What you have to do:
Exact copy, pictures excluded: set down only the lines from the one with "Mesurer la consommation" through the end of the entries, keeping both end lines.

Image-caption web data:
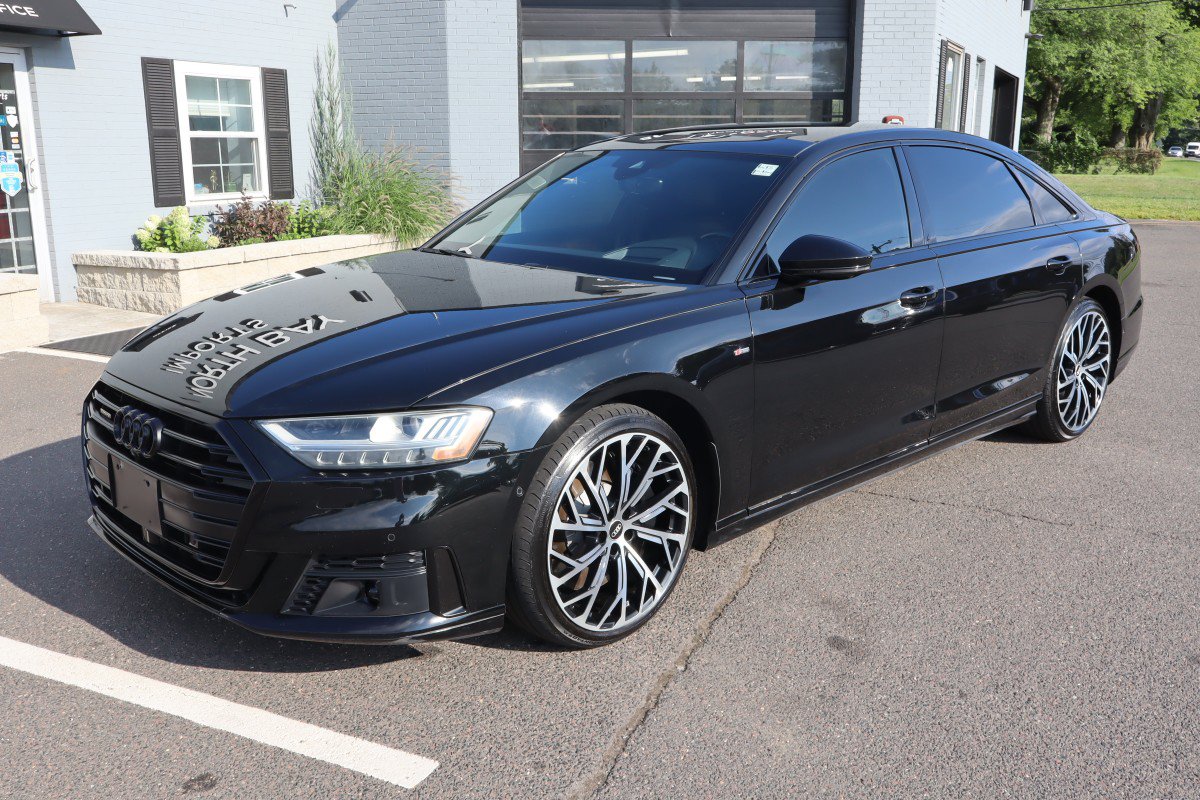 Used 2021 Audi A8 L 4.0T w/ Luxury Package AWD/4WD image 2
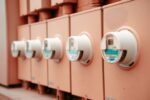 Mesurer la consommation électrique d'un appareil : la prise wattmètre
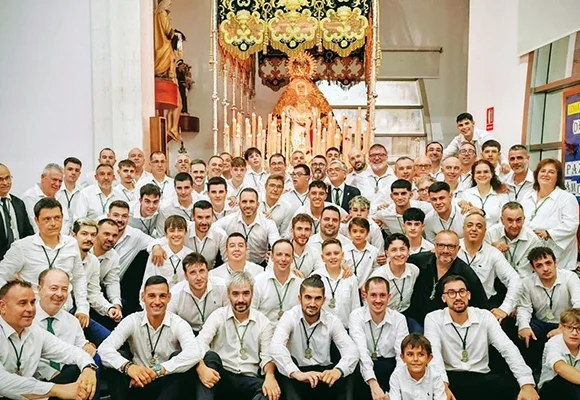 va3432-esperanza La Virgen de la Esperanza congregó a una gran cantidad de personas en su besamanos de acción de gracias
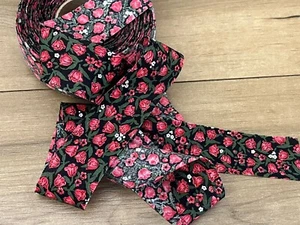 Black & Red Floral Cotton Bias Tape. 30mm X 5 Metres - Picture 1 of 6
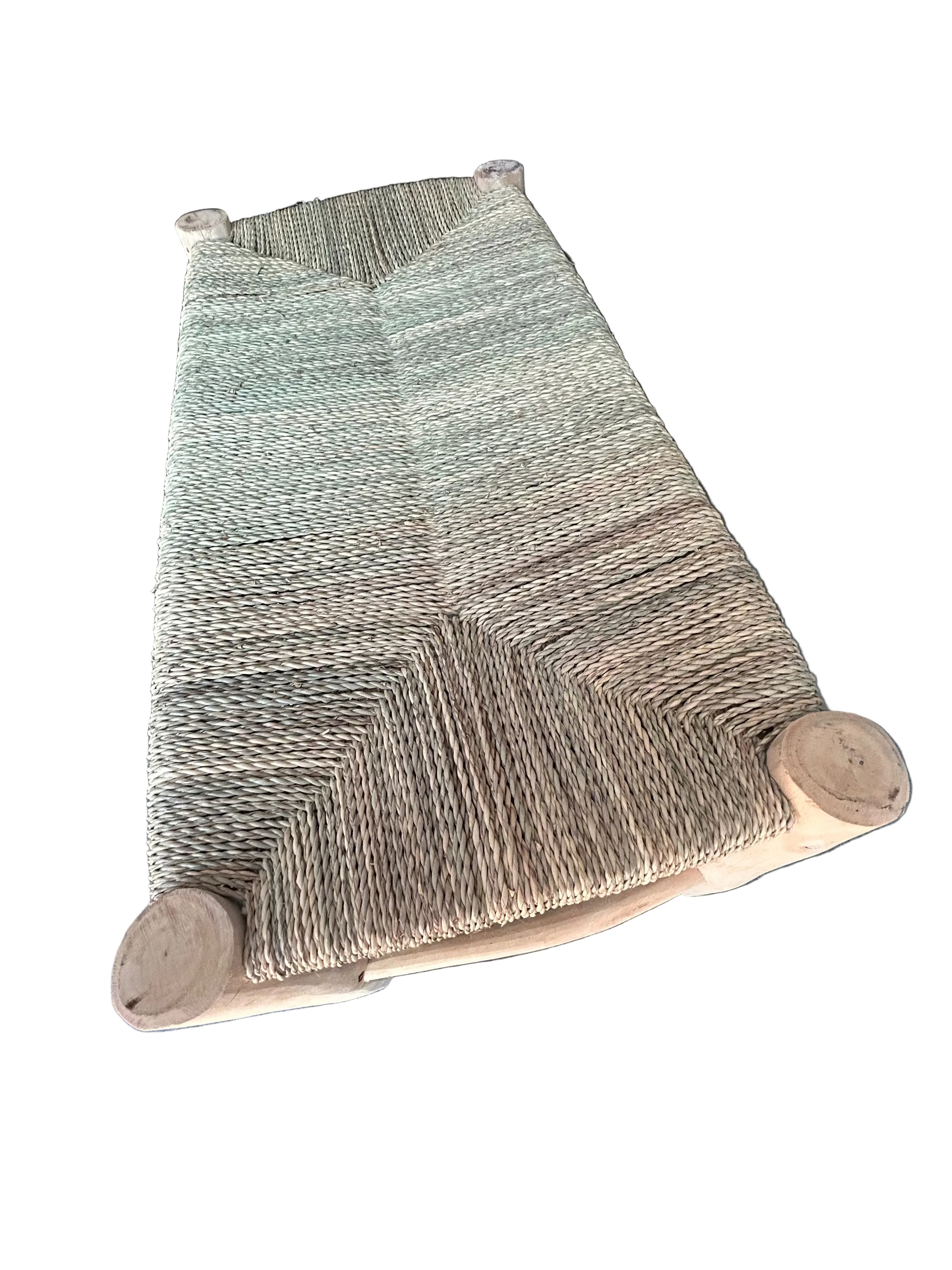 Banc en bois d'eucalyptus et doum tressé — mobilier artisanal marocain, fait main au Maroc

Result of this exercise:
 Mesurer la consommation électrique d'un appareil : la prise wattmètre
 va3432-esperanza La Virgen de la Esperanza congregó a una gran cantidad de personas en su besamanos de acción de gracias
 Black & Red Floral Cotton Bias Tape. 30mm X 5 Metres - Picture 1 of 6
 Banc en bois d'eucalyptus et doum tressé — mobilier artisanal marocain, fait main au Maroc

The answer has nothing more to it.